### Short web captions:
= = = =

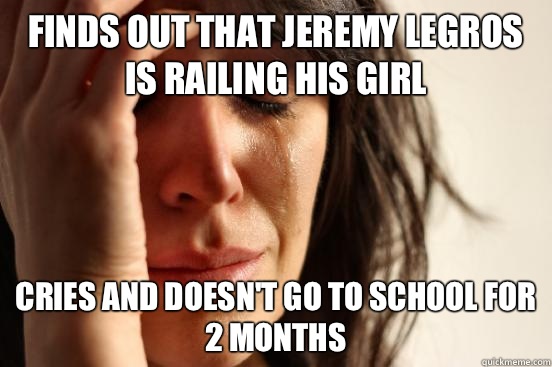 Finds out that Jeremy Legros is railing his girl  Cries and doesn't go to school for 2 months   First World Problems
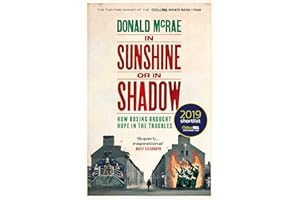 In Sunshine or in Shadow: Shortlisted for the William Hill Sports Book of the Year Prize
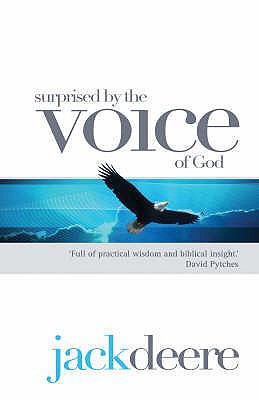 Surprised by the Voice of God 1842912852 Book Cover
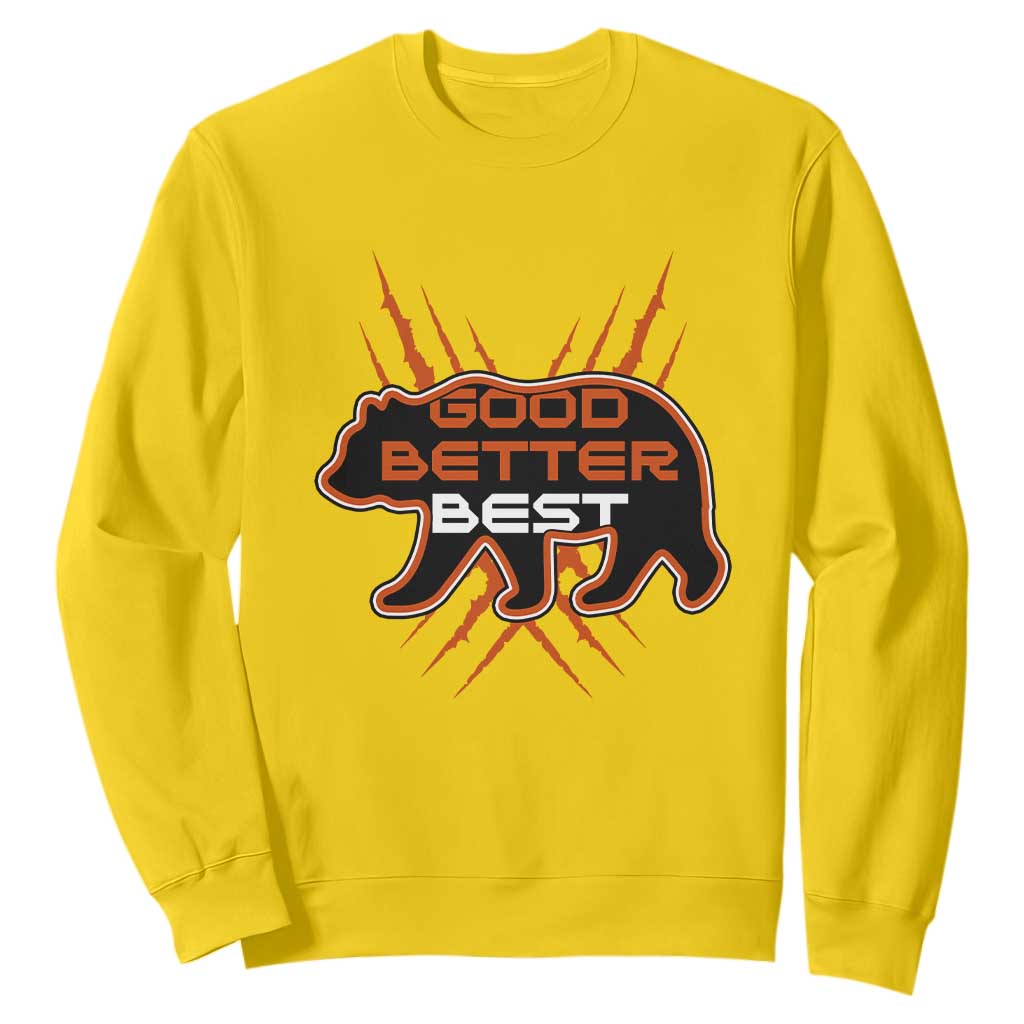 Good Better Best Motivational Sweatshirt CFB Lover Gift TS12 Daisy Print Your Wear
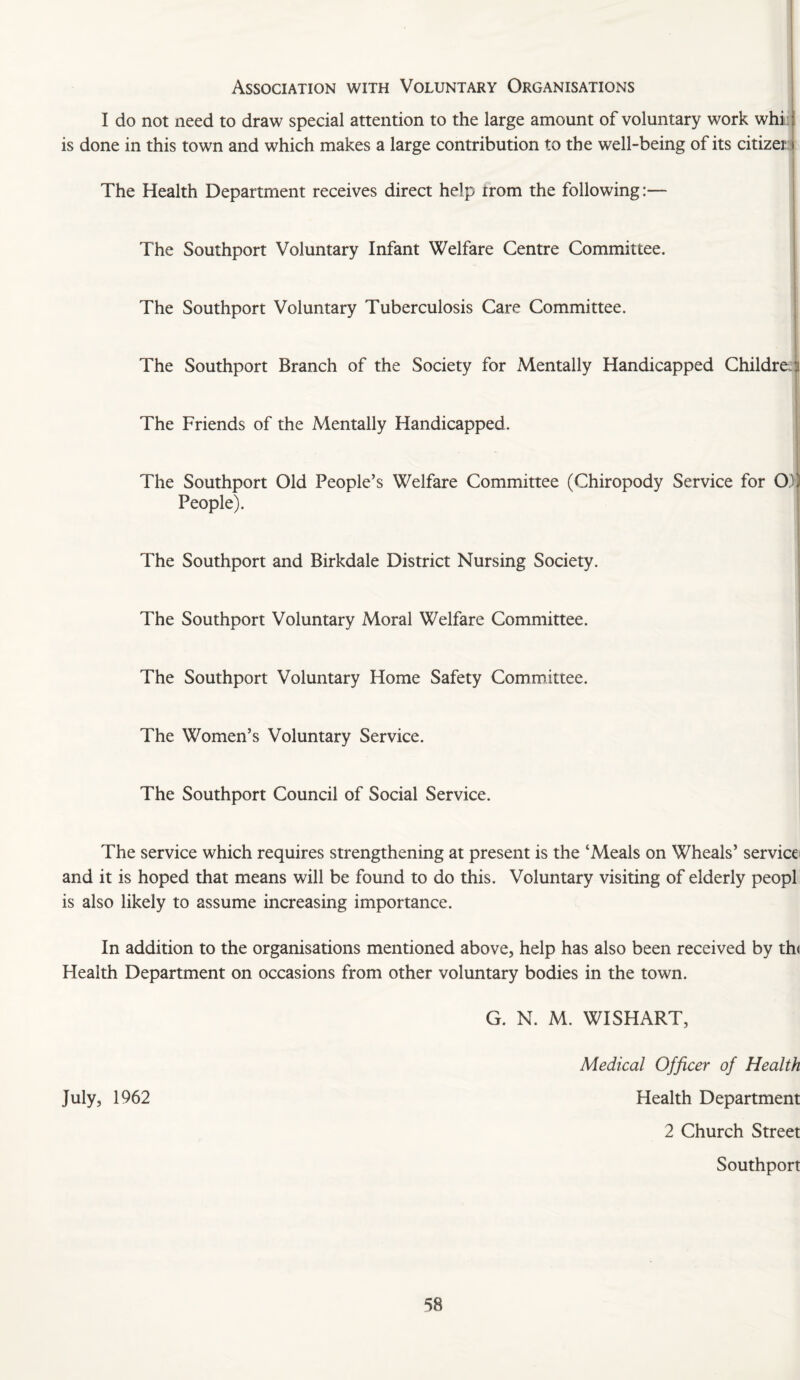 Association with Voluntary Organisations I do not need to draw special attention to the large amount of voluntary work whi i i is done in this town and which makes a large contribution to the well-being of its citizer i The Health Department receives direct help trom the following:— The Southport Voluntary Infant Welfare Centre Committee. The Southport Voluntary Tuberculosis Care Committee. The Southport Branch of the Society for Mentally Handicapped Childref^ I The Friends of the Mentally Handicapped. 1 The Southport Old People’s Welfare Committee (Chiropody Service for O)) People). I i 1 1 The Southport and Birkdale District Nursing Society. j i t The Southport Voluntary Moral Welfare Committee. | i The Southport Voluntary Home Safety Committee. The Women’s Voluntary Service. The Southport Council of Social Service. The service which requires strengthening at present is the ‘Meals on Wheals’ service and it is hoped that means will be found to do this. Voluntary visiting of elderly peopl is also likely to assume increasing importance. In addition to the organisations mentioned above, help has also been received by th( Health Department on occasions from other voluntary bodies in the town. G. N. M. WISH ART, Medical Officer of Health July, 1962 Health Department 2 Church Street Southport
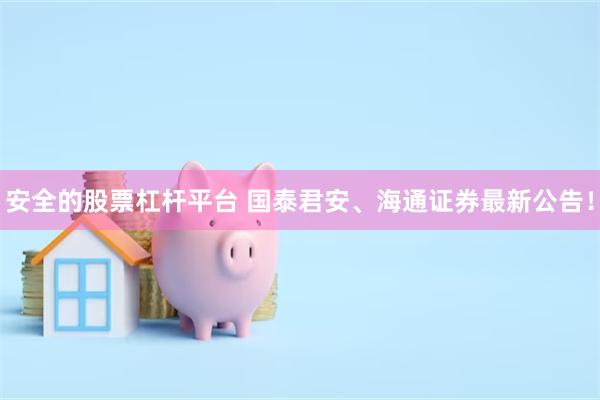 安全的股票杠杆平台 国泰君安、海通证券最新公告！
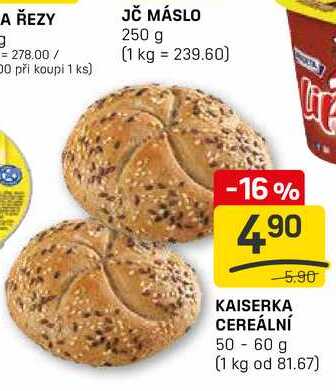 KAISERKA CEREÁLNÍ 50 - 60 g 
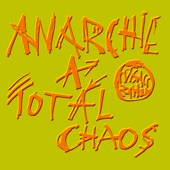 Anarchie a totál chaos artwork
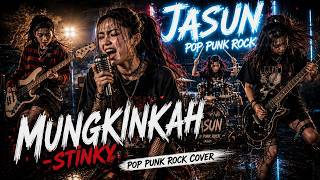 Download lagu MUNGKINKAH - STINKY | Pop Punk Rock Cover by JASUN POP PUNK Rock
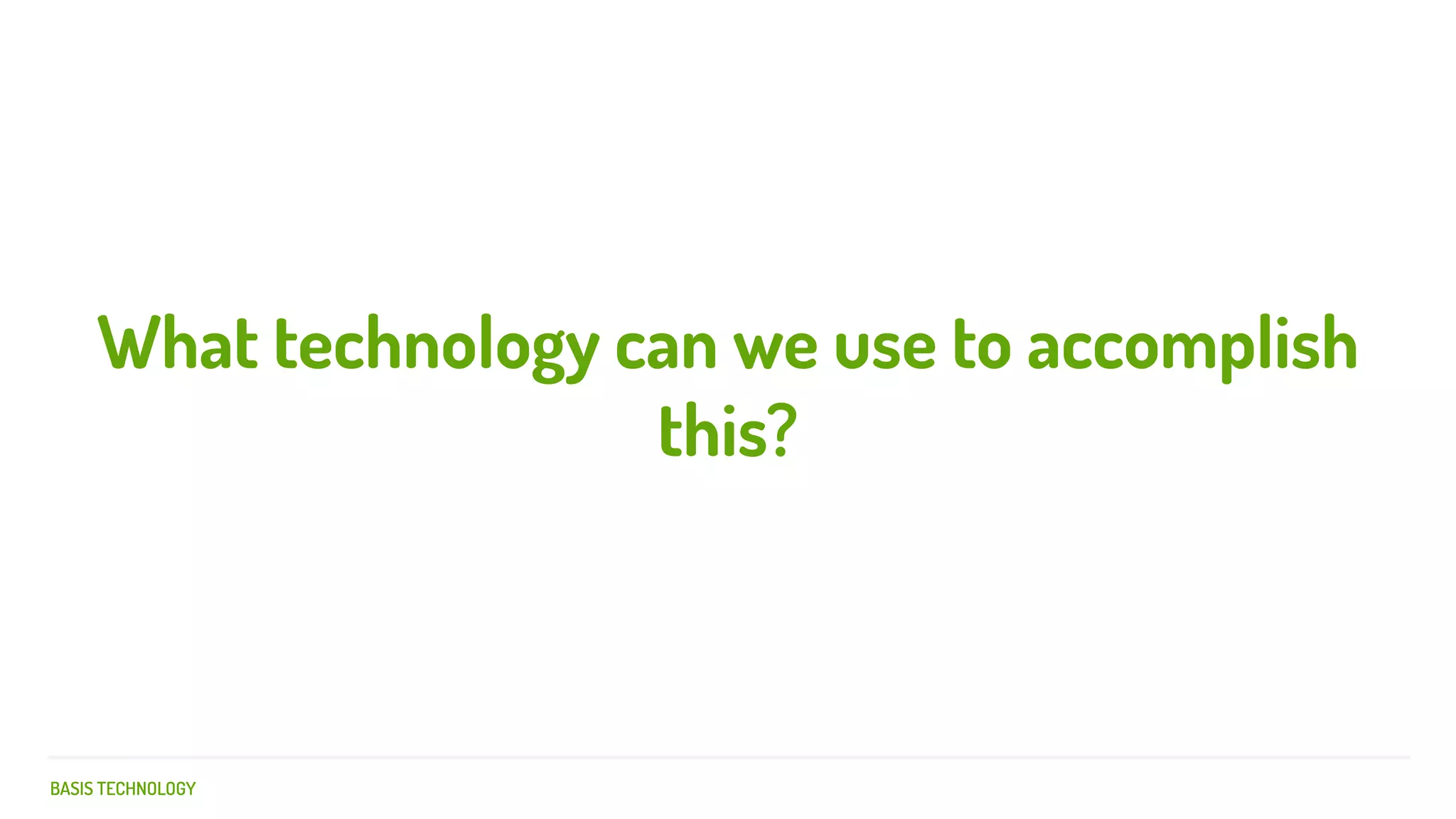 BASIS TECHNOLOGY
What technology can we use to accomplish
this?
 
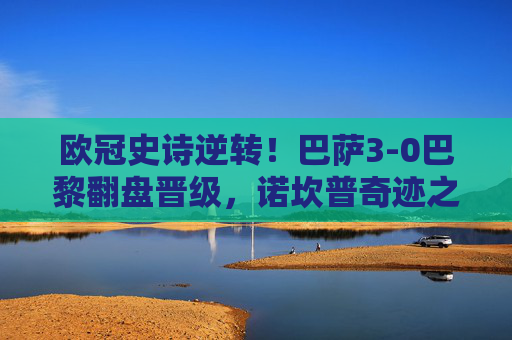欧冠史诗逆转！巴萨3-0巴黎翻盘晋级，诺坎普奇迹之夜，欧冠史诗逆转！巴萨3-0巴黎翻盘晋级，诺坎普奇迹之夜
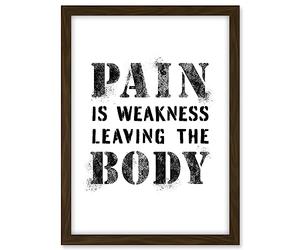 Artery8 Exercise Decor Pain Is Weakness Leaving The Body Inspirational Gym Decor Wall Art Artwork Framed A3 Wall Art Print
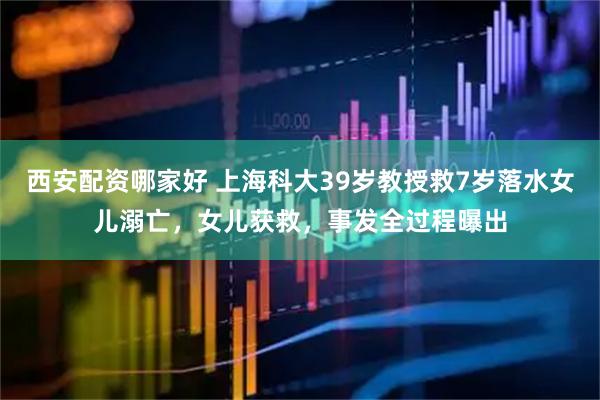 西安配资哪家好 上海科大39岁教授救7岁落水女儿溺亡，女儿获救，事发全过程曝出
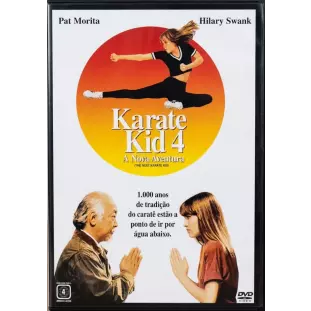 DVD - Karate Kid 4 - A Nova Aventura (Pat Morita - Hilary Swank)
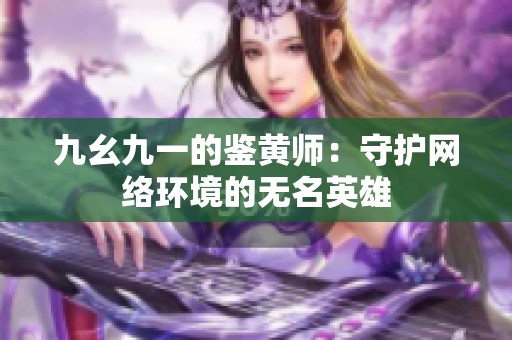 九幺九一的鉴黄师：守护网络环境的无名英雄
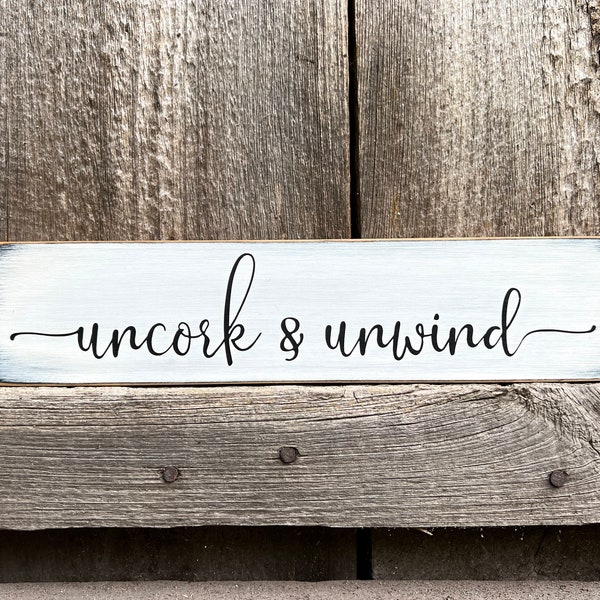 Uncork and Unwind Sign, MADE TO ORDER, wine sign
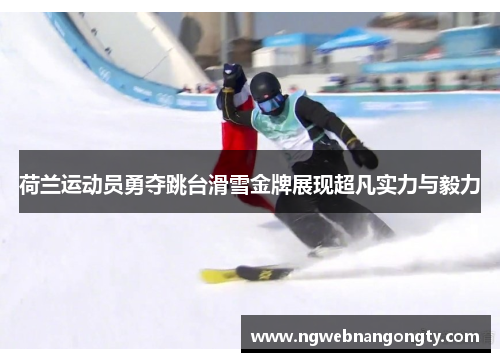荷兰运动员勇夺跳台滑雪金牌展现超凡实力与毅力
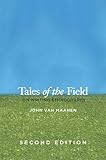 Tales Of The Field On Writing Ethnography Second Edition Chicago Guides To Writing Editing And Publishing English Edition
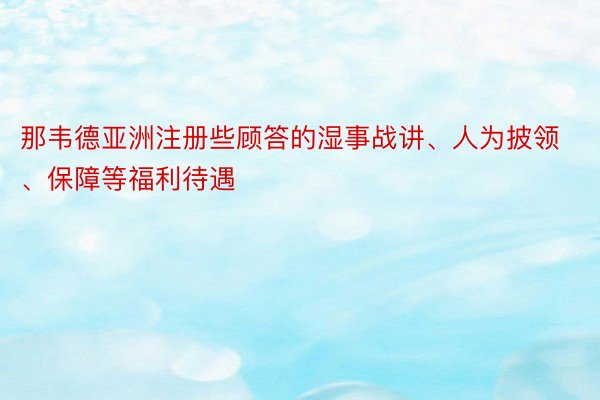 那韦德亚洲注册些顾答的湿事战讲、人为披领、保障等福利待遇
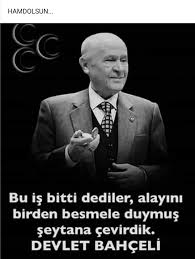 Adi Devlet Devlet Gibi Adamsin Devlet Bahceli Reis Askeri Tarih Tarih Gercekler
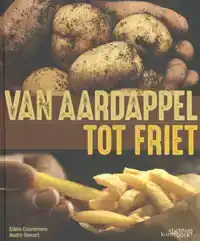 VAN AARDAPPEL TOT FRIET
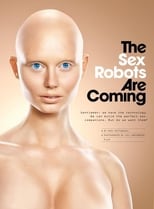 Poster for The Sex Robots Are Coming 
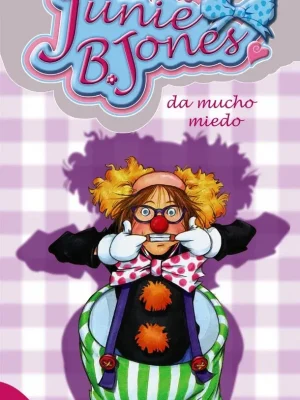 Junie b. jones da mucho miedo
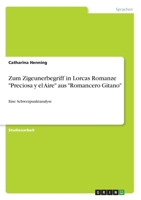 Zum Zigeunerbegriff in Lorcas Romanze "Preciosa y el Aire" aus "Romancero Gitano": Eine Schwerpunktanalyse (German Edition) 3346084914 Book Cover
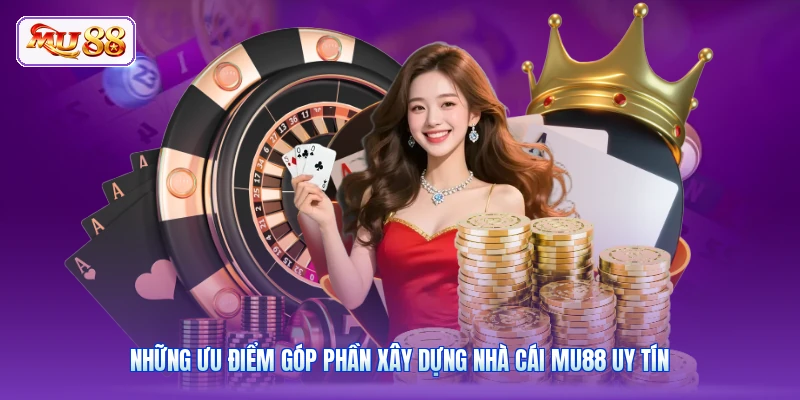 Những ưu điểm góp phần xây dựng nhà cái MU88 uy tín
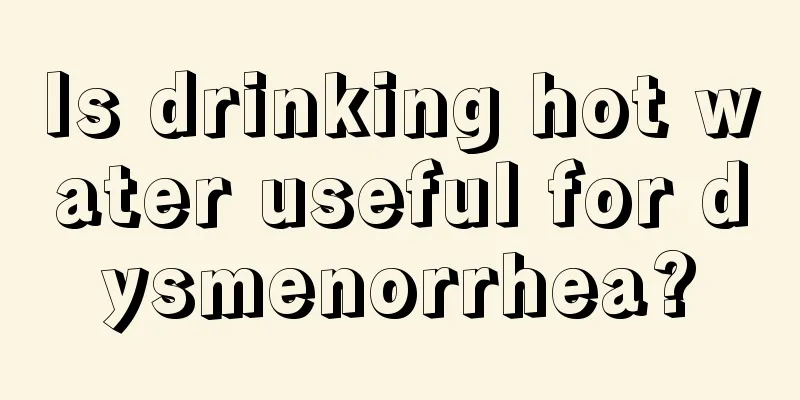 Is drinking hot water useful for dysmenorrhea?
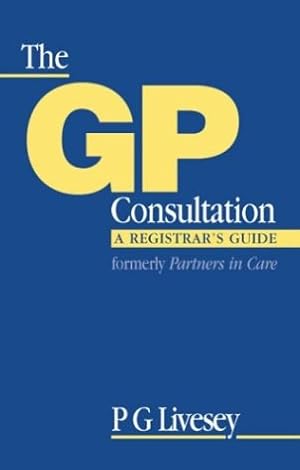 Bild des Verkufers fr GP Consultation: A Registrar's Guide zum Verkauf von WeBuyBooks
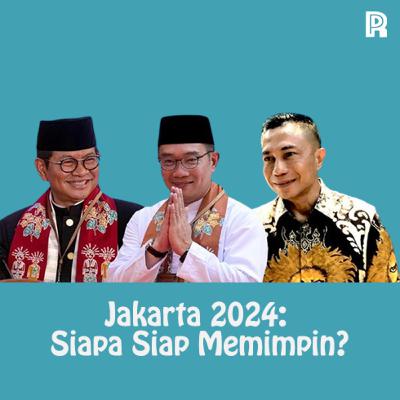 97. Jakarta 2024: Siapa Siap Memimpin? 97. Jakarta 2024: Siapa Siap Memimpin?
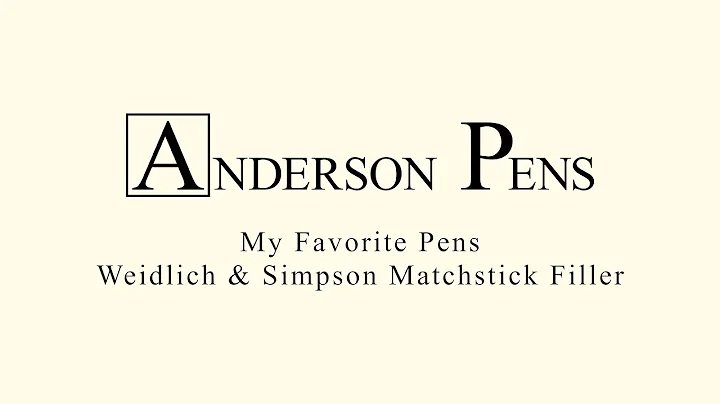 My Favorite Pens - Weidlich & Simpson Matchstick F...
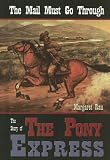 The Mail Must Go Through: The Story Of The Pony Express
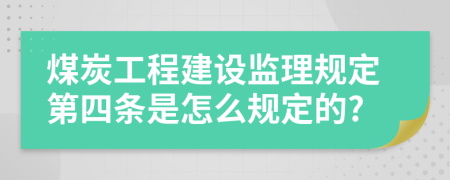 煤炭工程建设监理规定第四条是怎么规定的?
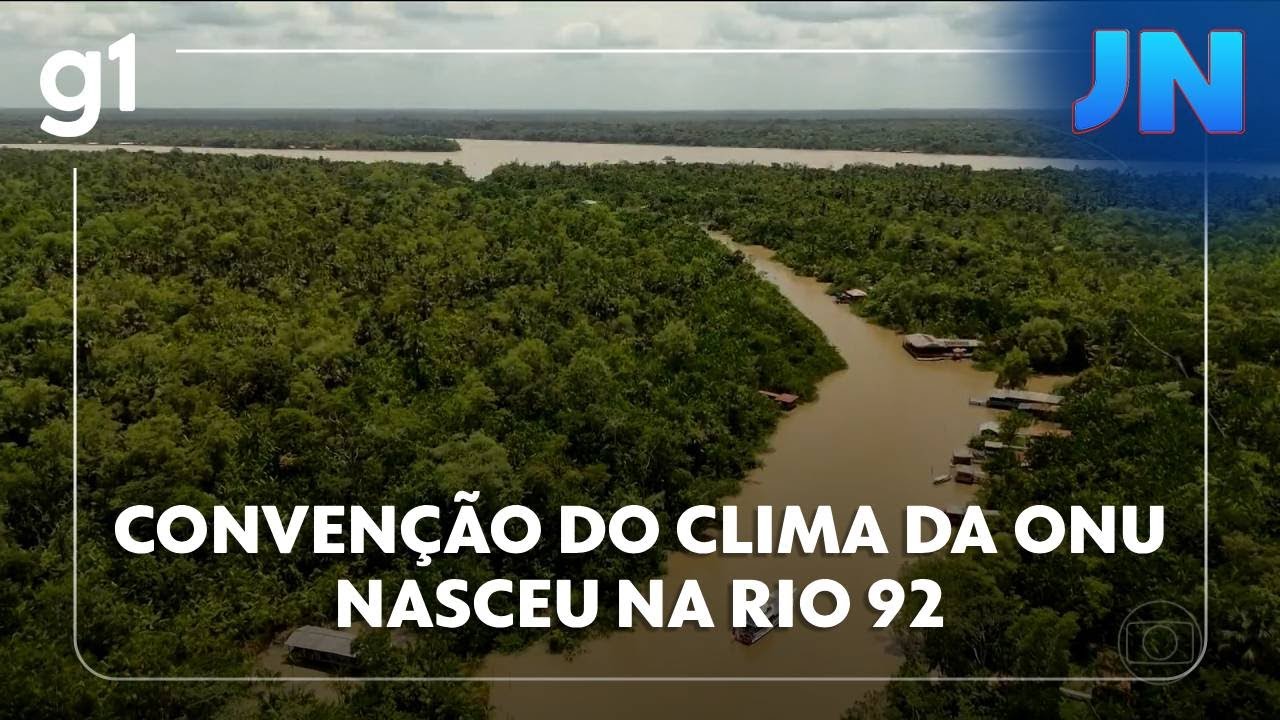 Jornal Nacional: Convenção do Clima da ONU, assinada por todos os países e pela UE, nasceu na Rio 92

= = = =

### Exercise instructions:
Please write out exactly the lines from the one containing "My Favorite Pens" through the last line of the records above, and leave out any pictures.

### Answer:
 My Favorite Pens - Weidlich & Simpson Matchstick F...
 The Mail Must Go Through: The Story Of The Pony Express
 煤炭工程建设监理规定第四条是怎么规定的?
 Jornal Nacional: Convenção do Clima da ONU, assinada por todos os países e pela UE, nasceu na Rio 92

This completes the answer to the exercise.